The U.S. Department of Education announced it will postpone wage garnishments for delinquent student loans.
The move, announced Friday, reverses the department’s previous plan to gradually restart wage garnishment for groups of borrowers and will give the agency more time to finalize new repayment plans.
Wage garnishment could affect millions of people who are 270 days or more past due and have a significant impact on Black borrowers. Black students are not only more likely to rely on loans to pay for college due to persistent racial inequality. They are also more likely to have difficulty repaying loans once they enter the labor force.
The shift reverses previous plans to restart wage garnishment this month after a pause during the pandemic.

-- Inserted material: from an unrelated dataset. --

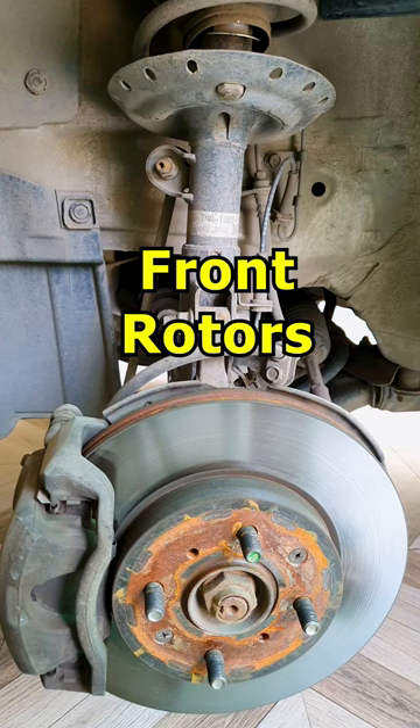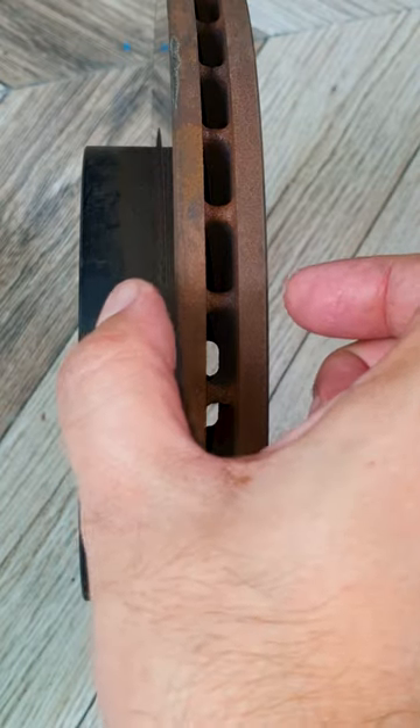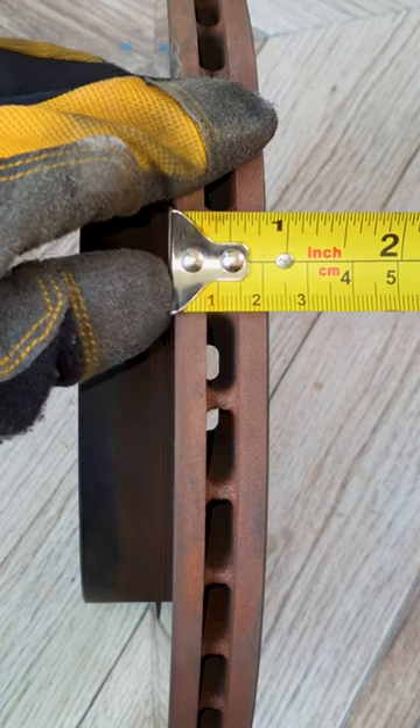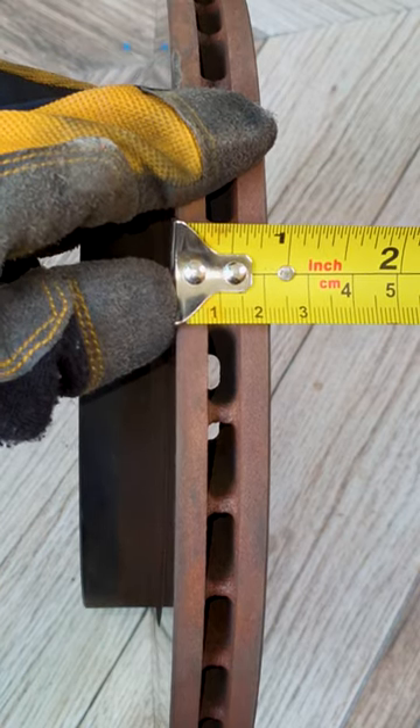When new, Honda front disc rotors are around 21 millimeters, so you measure the distance between these two points. You should measure this with a vernier caliper tool, which I don't have — I'm just roughly measuring it. This is around 20.5 millimeters.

In December, the agency announced it would begin garnishing the wages of borrowers who defaulted, the latest blow to the education community.
In November, the Trump administration said it would shift certain responsibilities and programs — including those supporting low-income districts and historically black colleges and universities — away from the Department of Education in an effort to “break up the federal education bureaucracy.”
Last July, the U.S. Supreme Court allowed the agency to proceed with the mass firings, although the issue is still being litigated in lower courts. Black workers are disproportionately represented in the federal workforce and have therefore been disproportionately affected by layoffs.
The agency has not set a new date for involuntary collection. The delay will give borrowers time to evaluate new repayment plans scheduled to begin on July 1, the company said.
Here’s what you need to know if your student loan is in default.
When does wage garnishment begin?
The department must give borrowers 30 days’ notice before it can begin garnishing their wages. These notices cover how borrowers can resolve delinquent loans and seek a hearing to challenge the decision to garnish wages.
How much can the government withhold from my paycheck for student loans?
The government can garnish up to 15% of a borrower’s disposable wages.
What repayment plans are available to avoid default?
Borrowers who are not in default but are at risk of defaulting on their loans can avoid defaulting on their loans by participating in repayment options.
There are a variety of income-driven repayment plans available, including income-based repayment (IBR), income-determined repayment (ICR), and pay-as-you-earn (PAYE). Extensions or reprieves may also be possible in certain circumstances.
Stanley Tate, an attorney who specializes in student loan law, told Capital B that a common theme he observes is that many borrowers default not because of a lack of options, but because they don’t know which programs they qualify for and how to enroll in them.
Is there legislation to stop or suspend wage garnishments?
Tate said there is currently no legislation that would broadly stop or suspend federal student loan wage garnishments.
What happens if I don’t respond to the garnishment notice?
If a defaulting borrower takes no action, a garnishment occurs. Employers will withhold up to 15% of borrowers’ wages. The money is sent to the government. The law requires borrowers to keep at least 30 times the federal minimum hourly wage, or $217.50, per week.
What rights do borrowers have if they face garnishment?
The borrower must be notified 30 days before the garnishment begins. Additionally, they have the right to request a hearing and pursue options such as consolidation or rehabilitation to resolve the breach, Tate said.
“From a practical perspective,” he added, “the key right is the ability to stop the garnishment by exiting the default before wages are garnished.”
How will garnishment affect a borrower’s financial stability?
Especially for low-income borrowers, a 15% wage garnishment is significant. That could have a significant impact on their ability to pay rent, transportation, child care, health care and other needs, Tate said.
What makes this period particularly difficult, he noted, is that many of these borrowers may qualify for income-driven repayment plans, which require much smaller payments — sometimes far less than what would be collected through garnishment.
“In this sense,” Tate said, “seizures often reflect a breakdown in communication and contact rather than a lack of repayment options.”
This story has been updated.
Student loans put on hold after wage garnishment. What borrowers need to know. appeared first on Capital B News.